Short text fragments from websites
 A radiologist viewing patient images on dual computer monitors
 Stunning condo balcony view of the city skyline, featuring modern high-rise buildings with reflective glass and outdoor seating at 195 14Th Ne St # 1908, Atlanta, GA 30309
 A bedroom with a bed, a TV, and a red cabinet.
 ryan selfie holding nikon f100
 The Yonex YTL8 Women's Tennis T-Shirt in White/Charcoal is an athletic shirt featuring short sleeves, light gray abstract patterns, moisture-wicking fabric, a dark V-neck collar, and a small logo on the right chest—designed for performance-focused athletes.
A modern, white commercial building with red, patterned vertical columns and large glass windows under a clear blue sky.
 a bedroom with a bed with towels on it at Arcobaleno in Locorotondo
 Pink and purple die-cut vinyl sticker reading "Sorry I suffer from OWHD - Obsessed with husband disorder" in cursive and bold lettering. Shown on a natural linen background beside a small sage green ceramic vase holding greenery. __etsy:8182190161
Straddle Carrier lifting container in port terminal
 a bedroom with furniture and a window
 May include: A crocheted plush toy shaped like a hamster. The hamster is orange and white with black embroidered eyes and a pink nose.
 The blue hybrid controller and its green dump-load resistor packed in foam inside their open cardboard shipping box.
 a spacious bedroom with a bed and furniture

#### [REQUIRED ACTION]
Reproduce exactly the lines above from the line with "A bedroom with a bed, a" to the line with "a bedroom with furniture and a window", including both, and add nothing.

#### [SOLUTION TO THIS EXERCISE]
 A bedroom with a bed, a TV, and a red cabinet.
 ryan selfie holding nikon f100
 The Yonex YTL8 Women's Tennis T-Shirt in White/Charcoal is an athletic shirt featuring short sleeves, light gray abstract patterns, moisture-wicking fabric, a dark V-neck collar, and a small logo on the right chest—designed for performance-focused athletes.
A modern, white commercial building with red, patterned vertical columns and large glass windows under a clear blue sky.
 a bedroom with a bed with towels on it at Arcobaleno in Locorotondo
 Pink and purple die-cut vinyl sticker reading "Sorry I suffer from OWHD - Obsessed with husband disorder" in cursive and bold lettering. Shown on a natural linen background beside a small sage green ceramic vase holding greenery. __etsy:8182190161
Straddle Carrier lifting container in port terminal
 a bedroom with furniture and a window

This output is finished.